§ DIRECTIONS FOR THIS TASK
Transcribe exactly the line that contains "Moyale, Ethiopia - February" and each line that comes after it in the material, the last line included, and nothing more.
BEGIN INFORMATION PROVIDED
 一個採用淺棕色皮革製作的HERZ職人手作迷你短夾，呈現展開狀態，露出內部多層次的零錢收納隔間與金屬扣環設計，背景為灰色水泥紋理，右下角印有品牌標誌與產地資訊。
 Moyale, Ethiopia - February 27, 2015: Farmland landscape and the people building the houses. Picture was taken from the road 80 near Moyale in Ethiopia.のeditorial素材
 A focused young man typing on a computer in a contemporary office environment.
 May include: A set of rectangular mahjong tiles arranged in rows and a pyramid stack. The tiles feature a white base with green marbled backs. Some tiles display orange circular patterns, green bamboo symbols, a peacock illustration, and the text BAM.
END INFORMATION PROVIDED
§ EXERCISE RESULT
 Moyale, Ethiopia - February 27, 2015: Farmland landscape and the people building the houses. Picture was taken from the road 80 near Moyale in Ethiopia.のeditorial素材
 A focused young man typing on a computer in a contemporary office environment.
 May include: A set of rectangular mahjong tiles arranged in rows and a pyramid stack. The tiles feature a white base with green marbled backs. Some tiles display orange circular patterns, green bamboo symbols, a peacock illustration, and the text BAM.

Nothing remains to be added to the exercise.